Por outro lado, que homem se submete à vergonha, à condição humilhante, de entrar numa casa onde ainda habita o ex-marido da namorada? Ou que mulher se sujeita à tão baixa situação? Que se socorram ao menos do amor-próprio, que apelem à réstia de dignidade que ainda lhes sobra, para que resistam à tão pronunciada queda na hierarquia dos princípios. Que educação os quatro pretendem para os filhos; que exemplos lhes querem legar? Vivemos hoje um contexto particularmente difícil, no qual a orientação que queremos para os nossos dependentes encontra interferências e influências no percurso. Nestes tempos, pais pouco conversam com os filhos; quase não resta espaço para lhes dedicar a devida atenção e encaminhá-los convenientemente.
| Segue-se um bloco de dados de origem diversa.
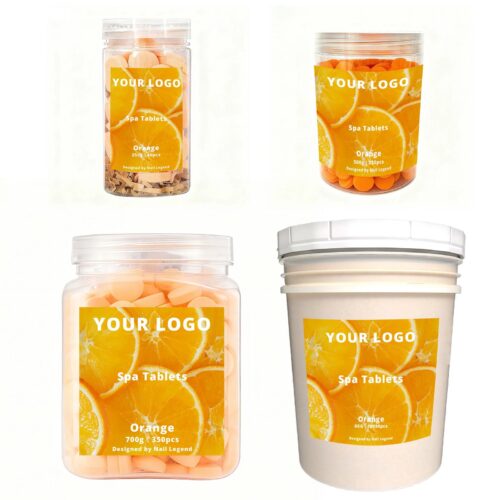 Nail Legend Orange Spa Tablets 6kg Quick-Dissolve Natural Organic Strong Scent for Female – Private Label OEM V6 Solid Manufacturer | Nail Legend B2B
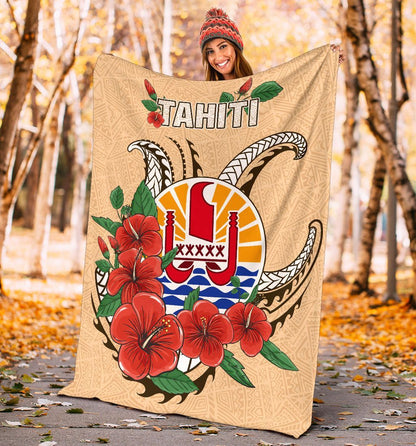 Tahiti Polynesian Premium Blanket - Hibiscus Coat of Arm Beige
Transpomos uma era de provações: casas transformaram-se em meros dormitórios e domínios de empregados domésticos. A vida dos nossos filhos gravita por entre creches e instituições de ensino. Os ensinamentos, conselhos e o aprendizado que lhes queremos passar encontram resistência logo à porta, à saída de casa, nos grupos de amigos, nas Redes Sociais e na própria escola. Vemo-los pouco; às vezes, deixamo-los e os encontramos a dormir. Quase não temos o chamado "tempo de qualidade”, porque, pressurosos, estamos sempre distantes, confiando o percurso moral e a orientação de que precisam ao acaso ou a terceiros. Há quanto tempo não nos sentamos à mesma mesa, ao almoço ou ao jantar? 

Portanto, é irremediável, quando, aos males gerais que nos dificultam a educação dos filhos, adicionamos atitudes de baixo jaez. À falta de alternativa, um casal já no fim da relação pode, perfeitamente, partilhar o espaço, desde que sob determinadas regras e condições, de preferência por um período bem definido. A vida privada de cada pode ser levada fora de casa, longe do conhecimento e do olhar do ex-parceiro. Portanto, um não precisa de provar ao outro que há quem o queira.

Ao fim de uma relação, deve haver uma espécie de "período de carência”, durante o qual se observa a negação dos prazeres do amor. É um recolhimento autoimposto, um momento de resguardo voluntário; de inventariação, de avaliação do passado e projecção do futuro, de forma ponderada. Há tempo para a retoma, sem necessidade de urgências. Haverá sempre alguém à espera, ali, para onde o olhar é atraído.

De outra forma, como denuncia a comandante do Kilamba, não apenas é condenável; é também anti-higiénico. Pelo menos do ponto de vista moral. Que amor é esse, que leva à perda do raciocínio, do equilíbrio, da razoabilidade, da vergonha, da dignidade e do respeito?